After the second shot I went through a really muddy spot to a low area with water and dams in it. This was a tricky spot to figure out the correct station - line of site was hard because of elevation changes and obstacles. I didn't want to get wet yet so I made my way around and figured it out. Then I ended up looking at a big pool of water. The next station would require going into this low air space water filled spot and it has been raining every afternoon. The "Katrina Hole" was somewhere ahead and water from the main cave would be dripping out of it. Then Tom says he doesn't remember these pools. He doesn't remember water being here.
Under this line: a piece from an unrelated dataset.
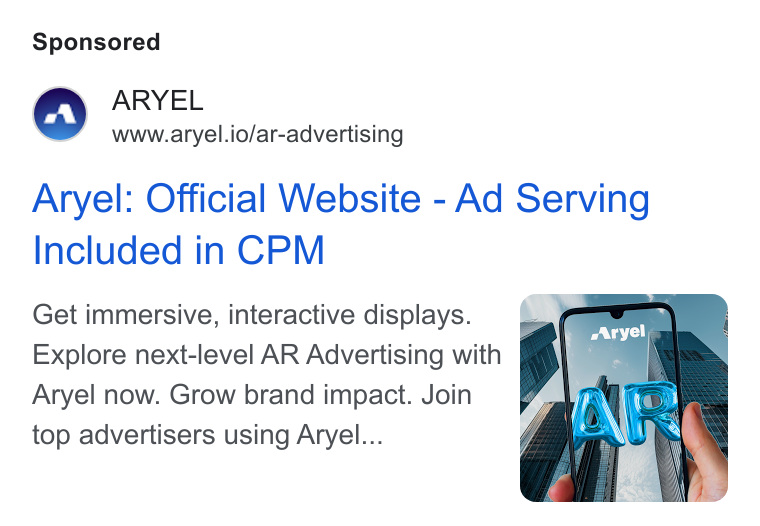 Aryel ad on Google Ads: ARYEL www.aryel.io/ar-advertising Aryel: Official Website - Ad Serving Included in CPM Get immersive, interactive displays. Explore next-level AR Advertising with Aryel now. Grow brand impact. Join top advertisers using Aryel...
I make a decision to skip this until another time. We have had some exciting times in the "Hell System" and I wanted to save it for a drier time.

We start heading out and I see some "fossils" that turn out to be parts of a plastic cup embedded in the cave walls. I am pretty close to that 7 foot wall and can see the entrance. Then we start to feel a weird vibration and start hearing a strange rumbling and I hear a loud yell - "RUN!" I get out and all of a sudden Jeff and Tom are right next to me (last I saw of Jeff was when I grabbed the rope when he handed it down from the wall). Tom hadn't even made it to the wall yet but here he was. He was so fast I think he left his hip behind!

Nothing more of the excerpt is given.